PROBLEM DETAILS: What you give back should match the records word for word.

INPUT FOR THIS TASK:
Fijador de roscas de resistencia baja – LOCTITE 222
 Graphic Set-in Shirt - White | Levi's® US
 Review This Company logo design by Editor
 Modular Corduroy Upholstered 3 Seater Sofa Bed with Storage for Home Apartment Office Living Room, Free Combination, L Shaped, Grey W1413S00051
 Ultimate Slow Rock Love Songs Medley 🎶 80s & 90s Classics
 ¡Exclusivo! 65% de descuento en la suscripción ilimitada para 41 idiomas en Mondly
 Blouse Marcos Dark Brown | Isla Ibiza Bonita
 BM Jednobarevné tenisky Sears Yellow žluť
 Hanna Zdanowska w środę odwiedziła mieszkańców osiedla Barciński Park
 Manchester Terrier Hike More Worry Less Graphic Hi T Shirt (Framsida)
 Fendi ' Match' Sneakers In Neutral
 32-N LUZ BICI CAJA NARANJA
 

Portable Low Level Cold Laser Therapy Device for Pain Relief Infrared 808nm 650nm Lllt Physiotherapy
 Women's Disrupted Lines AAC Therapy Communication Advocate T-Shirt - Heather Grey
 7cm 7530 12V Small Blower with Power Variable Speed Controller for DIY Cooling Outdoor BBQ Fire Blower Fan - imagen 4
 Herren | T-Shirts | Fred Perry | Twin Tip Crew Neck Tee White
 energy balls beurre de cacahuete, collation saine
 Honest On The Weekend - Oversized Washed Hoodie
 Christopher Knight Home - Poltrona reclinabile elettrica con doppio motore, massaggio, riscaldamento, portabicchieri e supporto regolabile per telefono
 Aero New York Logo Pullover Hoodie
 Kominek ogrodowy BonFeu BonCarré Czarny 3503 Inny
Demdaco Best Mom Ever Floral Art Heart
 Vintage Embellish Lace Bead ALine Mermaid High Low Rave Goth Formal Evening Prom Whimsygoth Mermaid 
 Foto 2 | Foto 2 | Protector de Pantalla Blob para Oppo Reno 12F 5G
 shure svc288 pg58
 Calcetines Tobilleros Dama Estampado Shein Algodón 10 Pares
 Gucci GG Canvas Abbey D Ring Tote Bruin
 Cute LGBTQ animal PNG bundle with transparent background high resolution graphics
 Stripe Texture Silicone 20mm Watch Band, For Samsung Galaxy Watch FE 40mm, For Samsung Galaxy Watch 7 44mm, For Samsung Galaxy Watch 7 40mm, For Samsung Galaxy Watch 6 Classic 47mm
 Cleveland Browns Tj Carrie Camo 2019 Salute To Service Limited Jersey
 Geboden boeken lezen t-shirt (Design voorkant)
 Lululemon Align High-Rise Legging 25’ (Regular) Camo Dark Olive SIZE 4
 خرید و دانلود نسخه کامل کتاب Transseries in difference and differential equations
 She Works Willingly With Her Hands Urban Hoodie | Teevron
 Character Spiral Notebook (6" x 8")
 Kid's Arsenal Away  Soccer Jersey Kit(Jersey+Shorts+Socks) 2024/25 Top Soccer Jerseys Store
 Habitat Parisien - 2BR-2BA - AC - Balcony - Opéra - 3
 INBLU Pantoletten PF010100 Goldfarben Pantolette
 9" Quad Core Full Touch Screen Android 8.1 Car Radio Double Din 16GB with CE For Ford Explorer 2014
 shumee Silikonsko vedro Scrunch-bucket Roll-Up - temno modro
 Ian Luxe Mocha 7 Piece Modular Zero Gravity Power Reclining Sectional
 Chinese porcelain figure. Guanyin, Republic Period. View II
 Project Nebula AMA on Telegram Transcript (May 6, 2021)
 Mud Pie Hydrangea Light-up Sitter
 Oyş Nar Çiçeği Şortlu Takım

RESPONSE AREA:
Fijador de roscas de resistencia baja – LOCTITE 222
 Graphic Set-in Shirt - White | Levi's® US
 Review This Company logo design by Editor
 Modular Corduroy Upholstered 3 Seater Sofa Bed with Storage for Home Apartment Office Living Room, Free Combination, L Shaped, Grey W1413S00051
 Ultimate Slow Rock Love Songs Medley 🎶 80s & 90s Classics
 ¡Exclusivo! 65% de descuento en la suscripción ilimitada para 41 idiomas en Mondly
 Blouse Marcos Dark Brown | Isla Ibiza Bonita
 BM Jednobarevné tenisky Sears Yellow žluť
 Hanna Zdanowska w środę odwiedziła mieszkańców osiedla Barciński Park
 Manchester Terrier Hike More Worry Less Graphic Hi T Shirt (Framsida)
 Fendi ' Match' Sneakers In Neutral
 32-N LUZ BICI CAJA NARANJA
 

Portable Low Level Cold Laser Therapy Device for Pain Relief Infrared 808nm 650nm Lllt Physiotherapy
 Women's Disrupted Lines AAC Therapy Communication Advocate T-Shirt - Heather Grey
 7cm 7530 12V Small Blower with Power Variable Speed Controller for DIY Cooling Outdoor BBQ Fire Blower Fan - imagen 4
 Herren | T-Shirts | Fred Perry | Twin Tip Crew Neck Tee White
 energy balls beurre de cacahuete, collation saine
 Honest On The Weekend - Oversized Washed Hoodie
 Christopher Knight Home - Poltrona reclinabile elettrica con doppio motore, massaggio, riscaldamento, portabicchieri e supporto regolabile per telefono
 Aero New York Logo Pullover Hoodie
 Kominek ogrodowy BonFeu BonCarré Czarny 3503 Inny
Demdaco Best Mom Ever Floral Art Heart
 Vintage Embellish Lace Bead ALine Mermaid High Low Rave Goth Formal Evening Prom Whimsygoth Mermaid 
 Foto 2 | Foto 2 | Protector de Pantalla Blob para Oppo Reno 12F 5G
 shure svc288 pg58
 Calcetines Tobilleros Dama Estampado Shein Algodón 10 Pares
 Gucci GG Canvas Abbey D Ring Tote Bruin
 Cute LGBTQ animal PNG bundle with transparent background high resolution graphics
 Stripe Texture Silicone 20mm Watch Band, For Samsung Galaxy Watch FE 40mm, For Samsung Galaxy Watch 7 44mm, For Samsung Galaxy Watch 7 40mm, For Samsung Galaxy Watch 6 Classic 47mm
 Cleveland Browns Tj Carrie Camo 2019 Salute To Service Limited Jersey
 Geboden boeken lezen t-shirt (Design voorkant)
 Lululemon Align High-Rise Legging 25’ (Regular) Camo Dark Olive SIZE 4
 خرید و دانلود نسخه کامل کتاب Transseries in difference and differential equations
 She Works Willingly With Her Hands Urban Hoodie | Teevron
 Character Spiral Notebook (6" x 8")
 Kid's Arsenal Away  Soccer Jersey Kit(Jersey+Shorts+Socks) 2024/25 Top Soccer Jerseys Store
 Habitat Parisien - 2BR-2BA - AC - Balcony - Opéra - 3
 INBLU Pantoletten PF010100 Goldfarben Pantolette
 9" Quad Core Full Touch Screen Android 8.1 Car Radio Double Din 16GB with CE For Ford Explorer 2014
 shumee Silikonsko vedro Scrunch-bucket Roll-Up - temno modro
 Ian Luxe Mocha 7 Piece Modular Zero Gravity Power Reclining Sectional
 Chinese porcelain figure. Guanyin, Republic Period. View II
 Project Nebula AMA on Telegram Transcript (May 6, 2021)
 Mud Pie Hydrangea Light-up Sitter
 Oyş Nar Çiçeği Şortlu Takım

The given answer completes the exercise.